CUDA::Minimal takes two steps backwards, one step forward
Edit: I got my original approach to work, see my follow-up.
A week ago I wrote about how I though play-perl was great. I put up a bunch of ideas and waited to see what others would encourage me to do. Two of my ideas got two votes each (some others got single votes), one of which involved revising CUDA::Minimal sot it works again. (CUDA is a means for executing massively parallelized code on your video card.) Well, it compiles now, but it doesn't quite work the way I had hoped and I am facing some basic architectural redesign issues. Herein I describe the old way things worked, and why that won't work anymore. Can anybody offer some ideas for how I might move forward?
First, let me explain the original design. Originally, I released ExtUtils::nvcc. The goal of this module was to operate as a drop-in replacement for you C compiler in ExtUtils::MakeMaker, Module::Build, and Inline::C that actually invoked nVidia's nvcc. nvcc lets normal C (or C++) code pass through without touching it, but it handles special minor language extensions, making it easy and relatively painless to mix device (video card) and host (regular CPU) code. Using this compiler wrapper, I could write XS code with CUDA-C, and it Just Worked.

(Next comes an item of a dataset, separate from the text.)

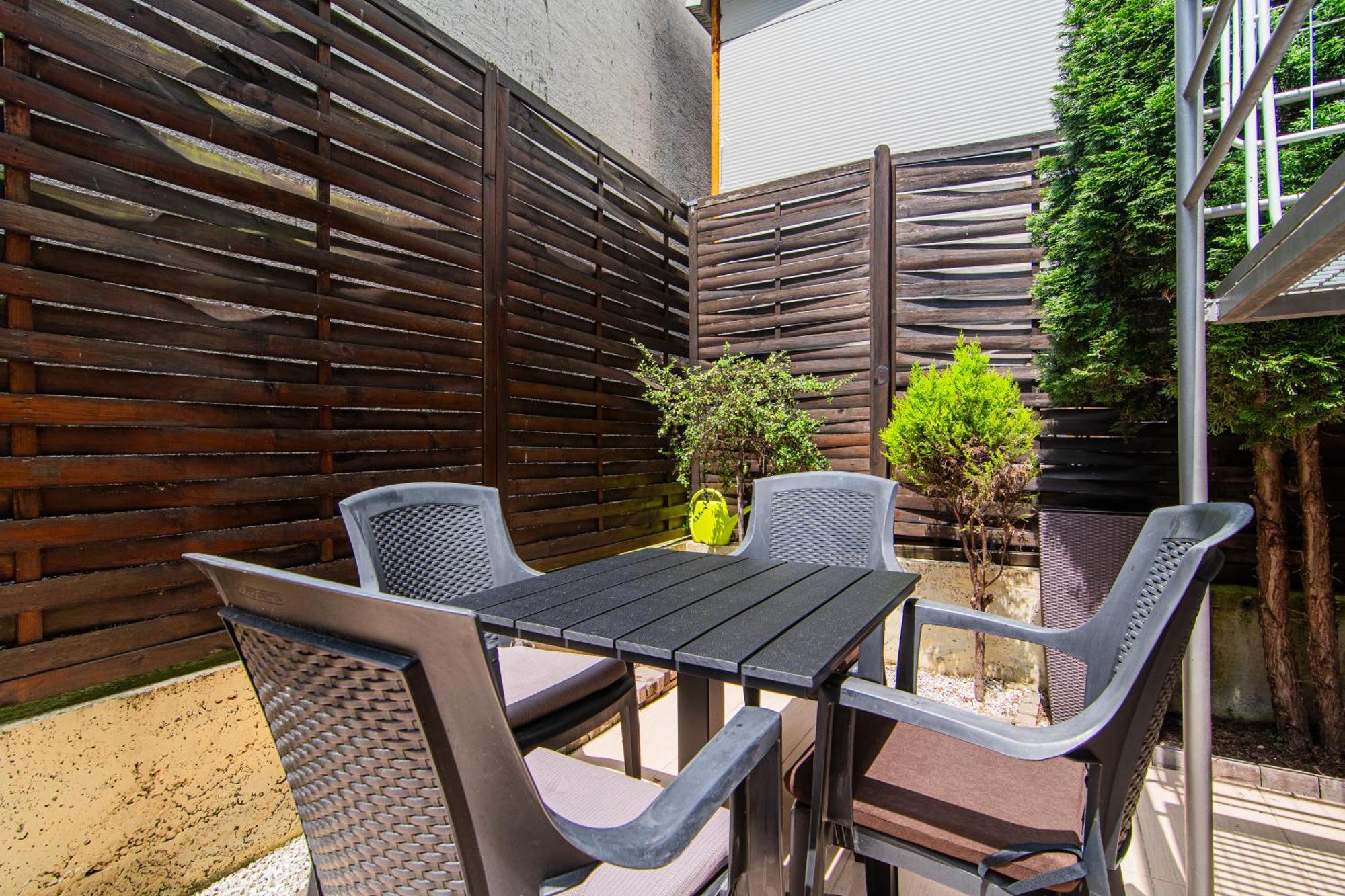 Flexible Selfcheckins 97 - Zagreb - Garden - Parking- Loggia - 2 Bedrooms Экстерьер фото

That was three years ago (almost exactly), and I hadn't touched the code since July of 2010. Last September, I tried recompiling CUDA::Minimal, but they didn't work anymore. I do not understand in any way what is going on, but it seems as though nVidia introduced a C macro into their libraries (which get added when you compile with nvcc) that trips up some of Perl's internals. (I tried compiling with different versions of Perl---including the one I originally used in my development---and they all failed, so I presume it was a change on nVidia's end, not Perl's.)
I need to fix this because I wrote some serious numerical code a couple of years ago that I want to use again, and which is locked into this old system. I am also motivated to score my first points on play-perl.org. :-)

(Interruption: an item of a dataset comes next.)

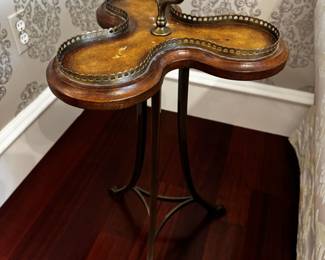 Clover-shaped table with rotating top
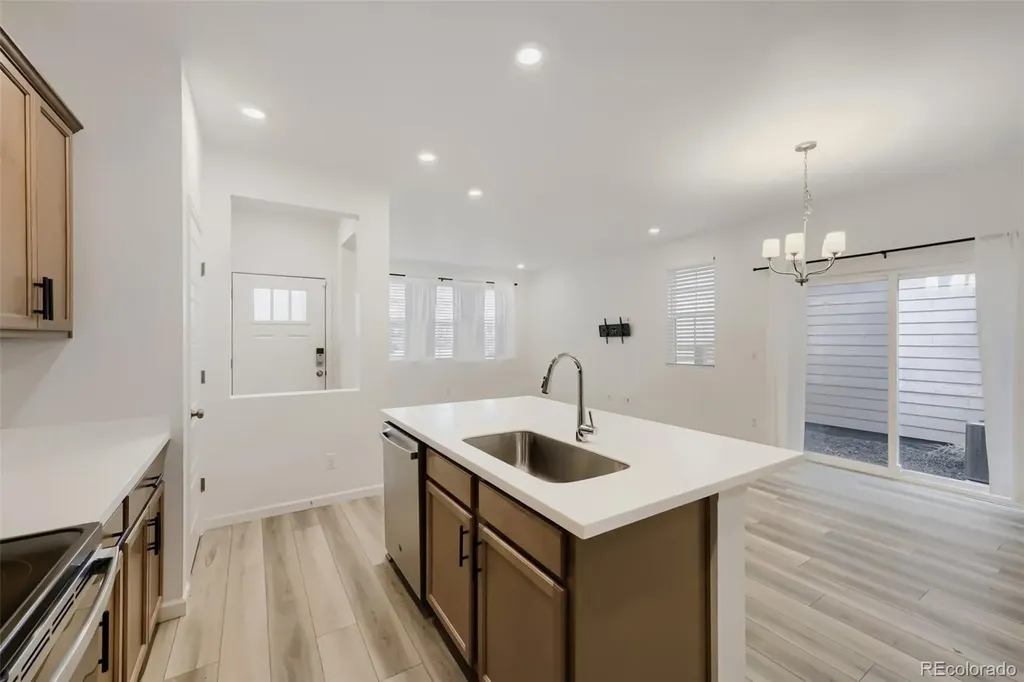 23920 E 34th Avenue Aurora CO 80019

My current solution gets CUDA::Minimal back up-and-running. You can once again use it to transfer data to your video card, and transfer data back from your video card because the underlying interface for those were C functions to begin with. However, you can't just write you CUDA code in your XS files anymore. You can't write simple XS wrappers around kernel launches.
To get an idea of what nvcc lets you do, see the code under this post. The function on line 10, which starts with __global__, is meant to be compiled for and run on your video card. You need to run that through nvcc. The other important pieces is on line 30, where you see the tripple-angle-bracket notation. That code is replced by nvcc with a set of declarations and function invocations that builds the call stack and invokes it on the video card. Once upon a time, you could include these triple-angle-bracket invocations directly into your XS or Inline::C code and it worked. Now it doesn't.

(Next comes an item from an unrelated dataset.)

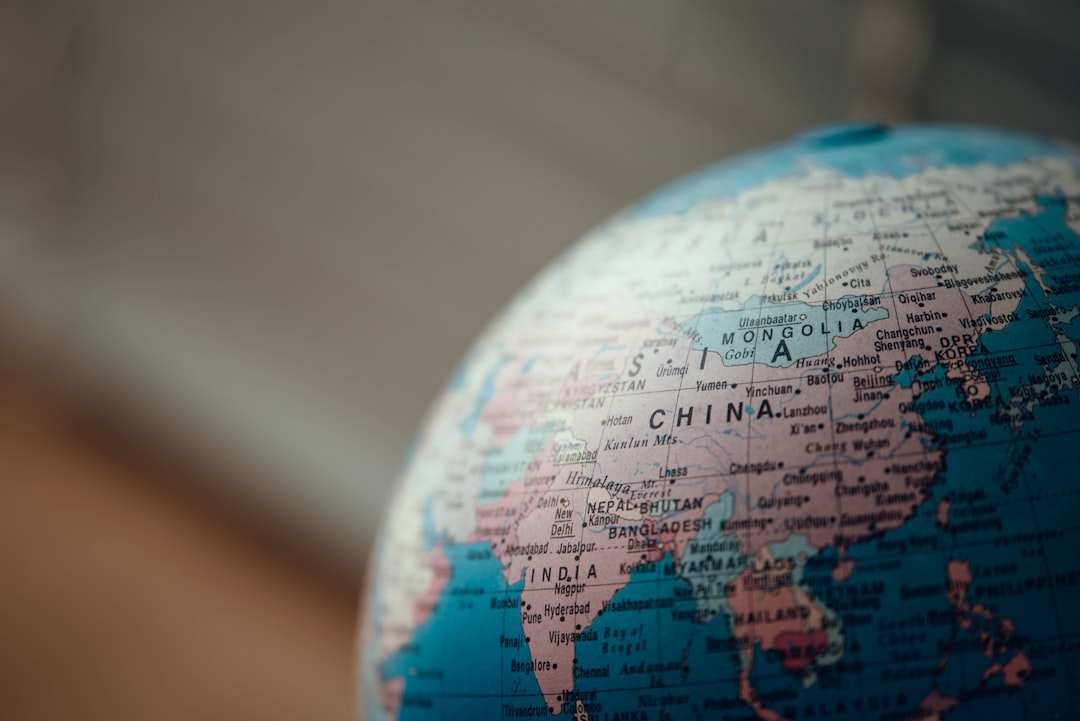 10 Dicas para Viver com Conectividade Global em Viagens - Web Nômade Digital close up photo of blue desk globe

Architecturally, you can get around this by creating a separate source file with C functions that perform whatever kernel invocation you want, and compiling that source file with nvcc. You would then write an XS file that uses a common C header file, and link the nvcc-compiled code at the last second. However, that's a major change in how one would call kernels from XS code. It's an extra pair of files, and managing the proper linker arguments is a pain.
I could try to dig around in the Perl source to figure out which C macro is getting tripped, but that will be a lot of work. (The error is reportedly from somewhere in the regex engine.) I could try to write wrapper modules that would minimize the extra effort for consuming modules. I could try to introduce a new module that takes a string containing your source code and returns a ready-to-call sub. All of these are hard work, and none of them are either easy nor as elegant as the original approach. Does anybody have a better idea?
So is it CUDA::Minimal or CUDA::Simple?
PS: I'm downloading cuda for OS X right now to try your work. Wonder why it's so huge (635MB...)
Ah! It's CUDA::Minimal! D'oh! I'll edit the title...
I didn't manage to install cuda, btw. NVidia's .pkg installation finishes without problems, but there's still no nvcc binary (at least in my default $PATH), so I can't install ExtUtils::nvcc.